Markets are taking a breather. To paraphrase Yogi, the attempted overhaul of U.S. federal taxation ain’t done until it’s done, and uncertainty over whether a plan will be approved next week, the content of such a deal and its likely economic effects has caused investors to pause from their earlier euphoria.

The dollar shows losses overnight of 0.5% against the kiwi, 0.3% versus the yen, 0.2% relative to the loonie and 0.1% against the euro. Sterling is an exception, falling 0.4% against the dollar on fresh concerns about the Brexit talks.

But the softer pound has lifted the U.K. stock market in an otherwise mostly down day for share prices. Equities fell 1.6% in Hong Kong, 0.8% in China, 0.6% in Japan, 0.5% in South Korea, 0.6% in Singapore, 0.4% in Taiwan and 0.2% in Australia. There have also so far been declines of 0.6% in Italy, 0.4% in France, 0.3% in Spain and 0.2% in Germany.

Ten-year sovereign debt yields slipped 3 basis points in the U.K. and a basis point each in Japan and Germany.

U.S. industrial production data get released shortly. The biggest overnight data release was the Bank of Japan’s quarterly corporate Tankan Survey, which showed significantly better conditions across all categories of firms than had been expected as 2017 draws to a close. Planned capital investment has been revised upward along with expected sales and profits. The one fly in the ointment is that conditions are expected to weaken in the first quarter of 2018.

The Bank of Russia cut its key rate by 50 basis points to 7.75%. The drop was larger than forecast and brings cumulative declines in 2017 to 225 basis points. Officials signal the possibility of further cuts in the first half of next year.

The National Bank of Ukraine, in contrast, lifted its policy interest rate by another full percentage point to 14.5%, following up on a similar move made in October. Much higher than assumed inflation of 13% overall and 8.6% on core items could force even more restraint to be undertaken in 2018.

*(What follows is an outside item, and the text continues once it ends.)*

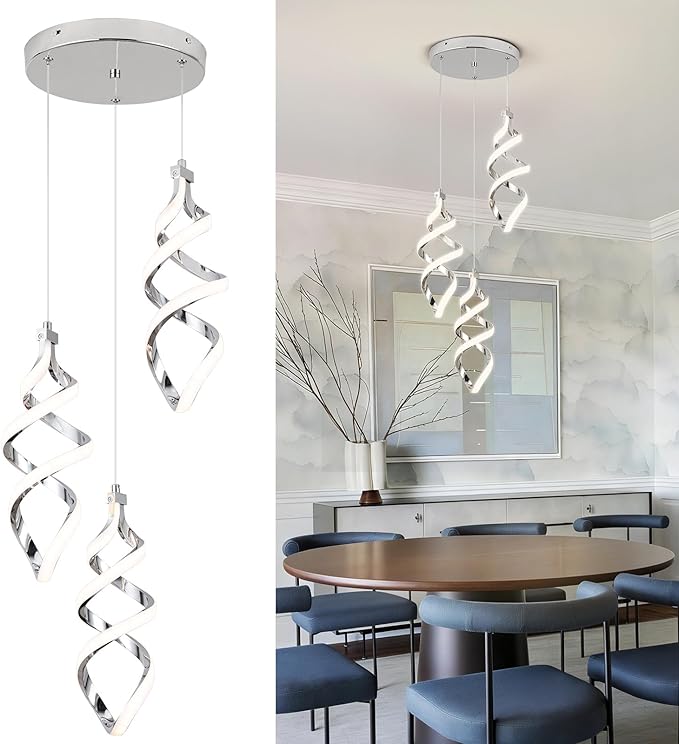 Modern Led Pendant Light Fixture, 45W Chrome Spiral Led Chandelier Hanging Lamp, 4500K Daylight White Pendant Lamp, Adjustable Height Pendant Light for Dining Room Bedroom Kitchen Island (3 Light)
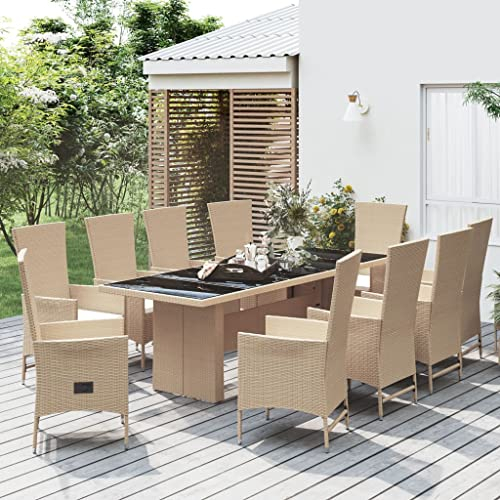 BUKSCYJS Hochlehner Gartenstuhl,GartenmöBel Set11-Tlg. Garten-Essgruppe Mit Kissen Beige Poly Rattangeeignet FüR Wohnzimmer, Schlafzimmer, GäRten, Balkone, Terrassen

The Bank of Mexico also tightened because of rising inflation, lifting its policy interest rate to 7.25% from 7%. An earlier rate increase occurred last May.

Central banks in Chile and Peru kept existing monetary policy stances unchanged at their last scheduled reviews of 2017.

New Zealand’s manufacturing purchasing managers index rose 0.4 points to a 3-month high of 57.7.

Irish GDP leaped 4.2% last quarter, posting a 10.5% advance from a year earlier. There was a big current account surplus in the quarter.